## [Problem requirements]
Could the listing below be reproduced exactly, minus its pictures?

## [Available data]

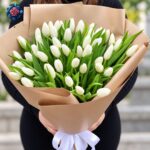 Tulipani Bianchi fresh white tulips beautifully arranged in Milan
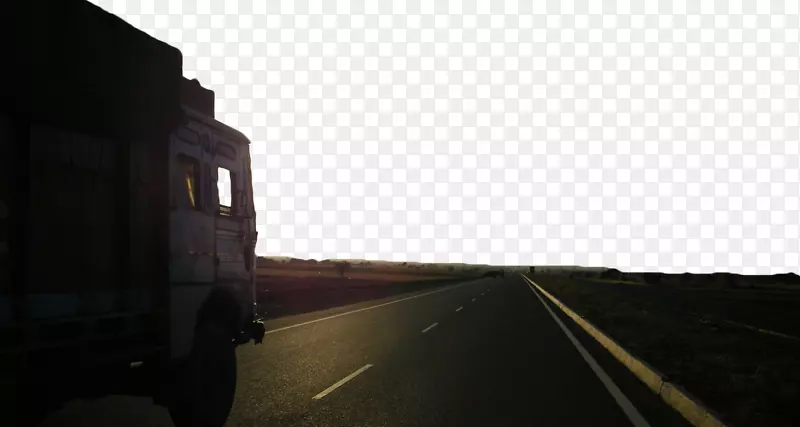 黑色公路上行驶的货车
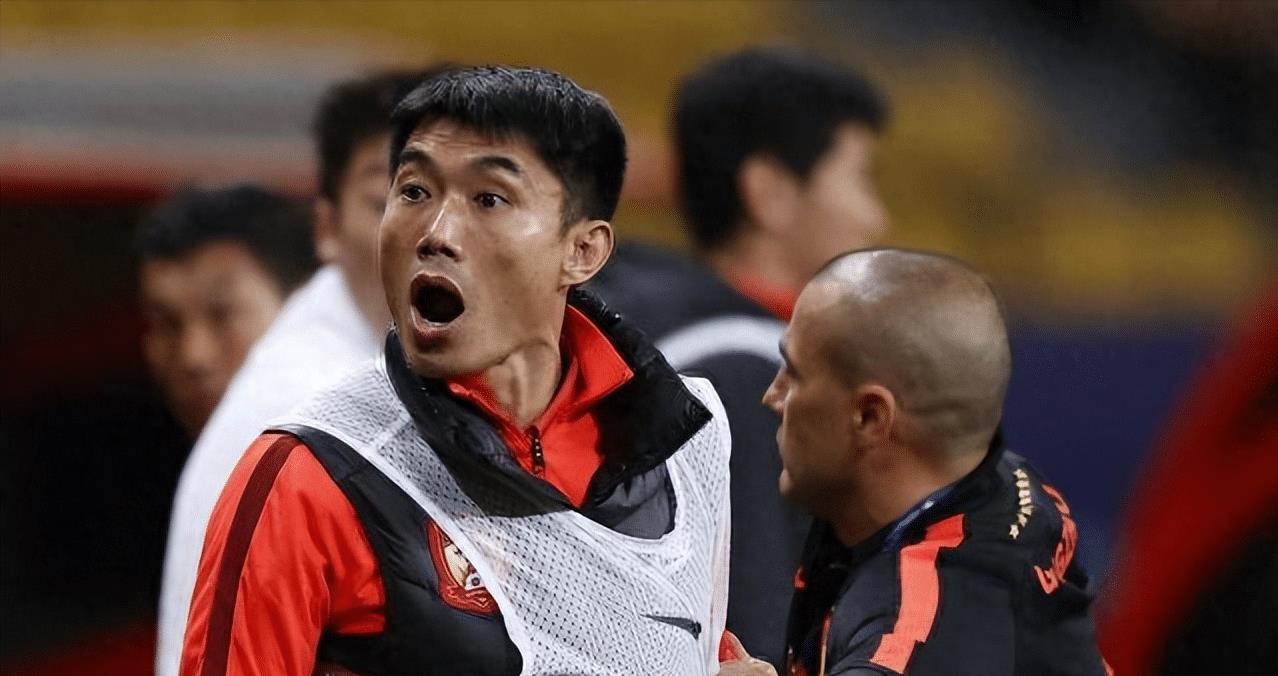 国足_看台_比赛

## [Worked solution]
 Tulipani Bianchi fresh white tulips beautifully arranged in Milan
 黑色公路上行驶的货车
 国足_看台_比赛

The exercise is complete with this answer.